#### [AVAILABLE DATA]
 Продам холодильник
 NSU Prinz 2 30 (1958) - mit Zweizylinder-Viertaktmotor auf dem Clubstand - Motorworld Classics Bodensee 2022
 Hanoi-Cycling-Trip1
---
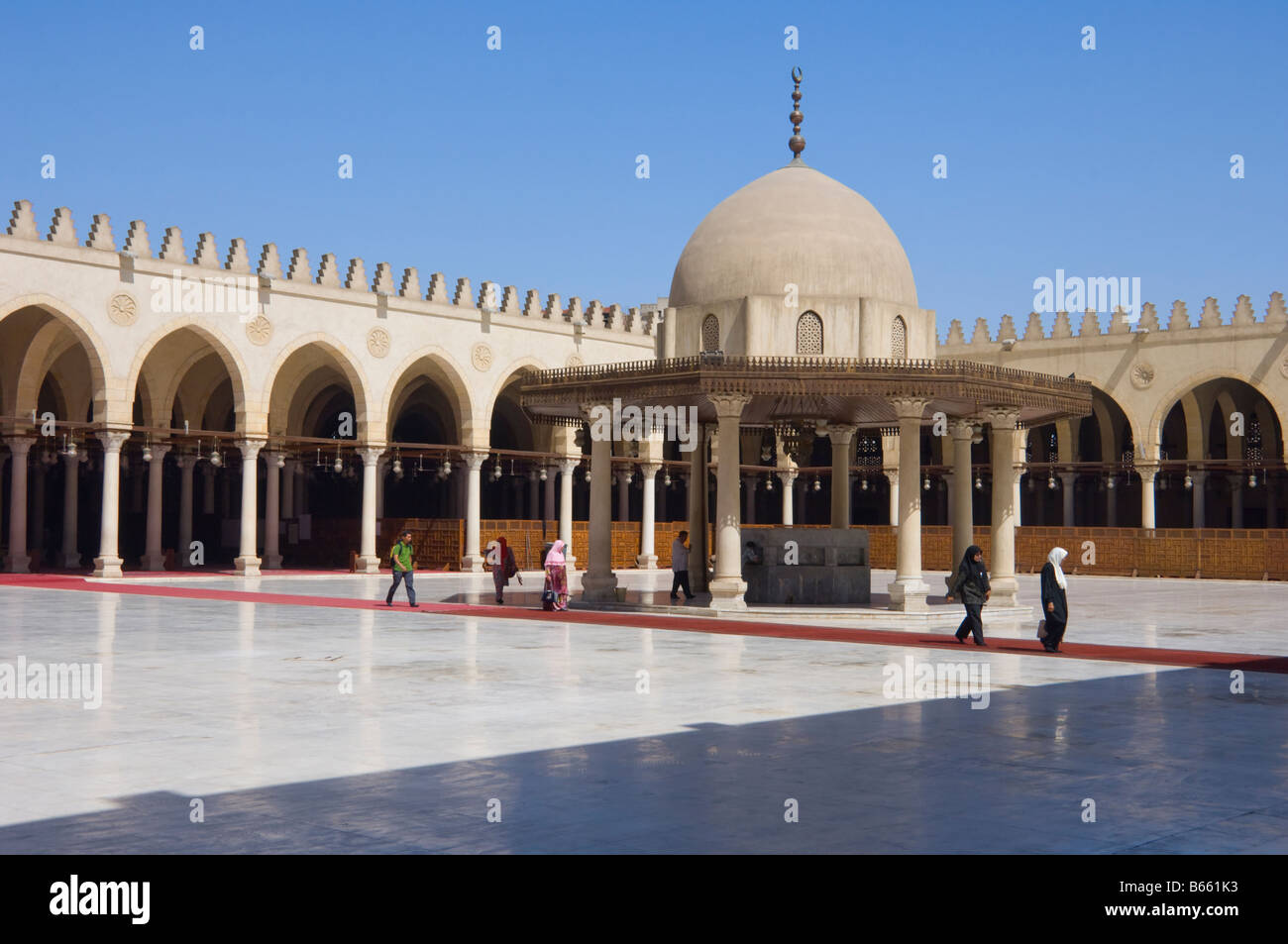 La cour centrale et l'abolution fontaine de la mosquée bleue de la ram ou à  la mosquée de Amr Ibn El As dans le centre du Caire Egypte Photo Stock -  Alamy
==
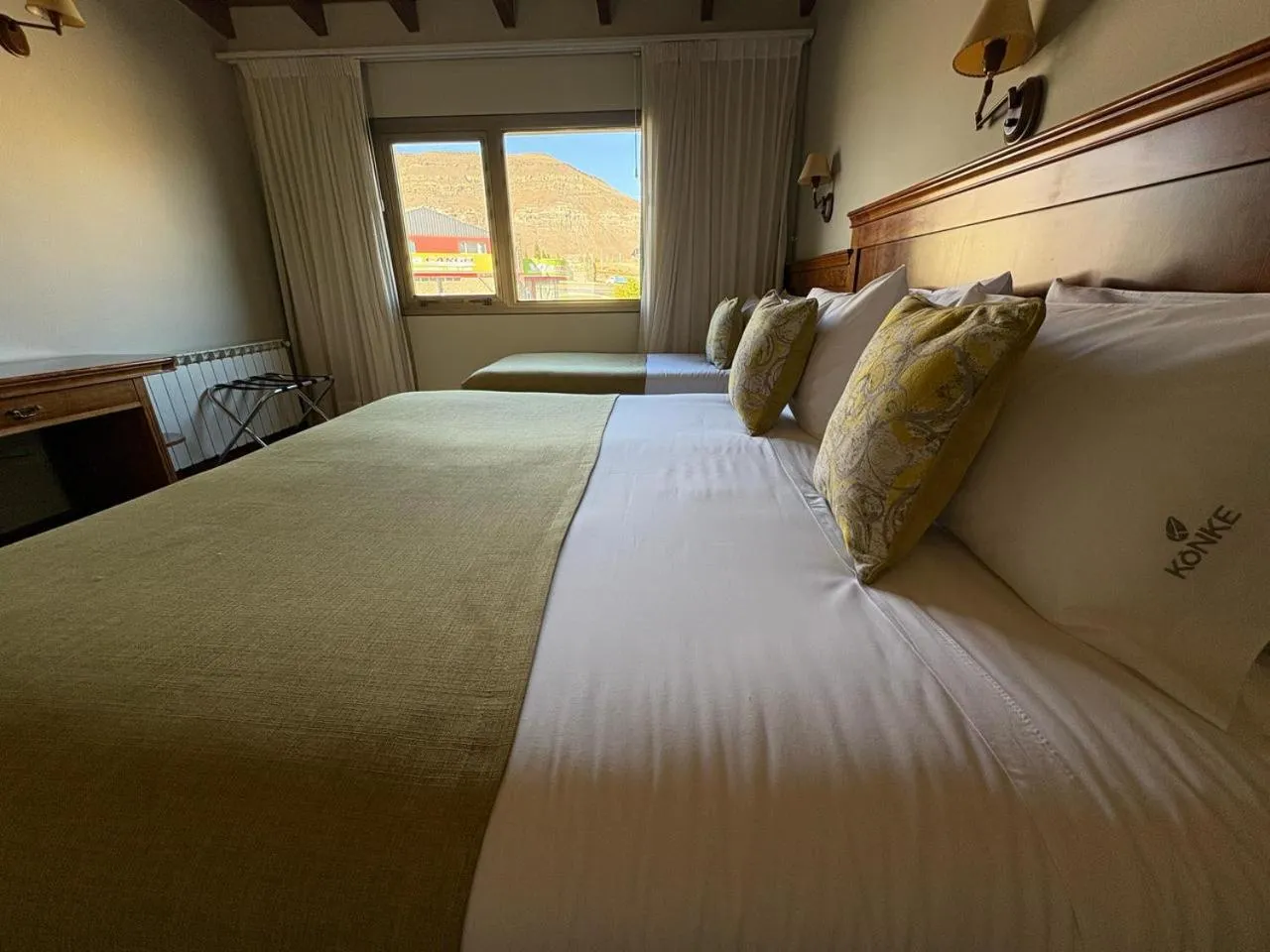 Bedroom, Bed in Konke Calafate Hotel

#### [AIM OF THE EXERCISE]
Nothing should appear in the answer except the lines above from the line with "NSU Prinz 2" through the line with "Hanoi-Cycling-Trip1", both included, written out exactly.

#### [ANSWER BOX]
 NSU Prinz 2 30 (1958) - mit Zweizylinder-Viertaktmotor auf dem Clubstand - Motorworld Classics Bodensee 2022
 Hanoi-Cycling-Trip1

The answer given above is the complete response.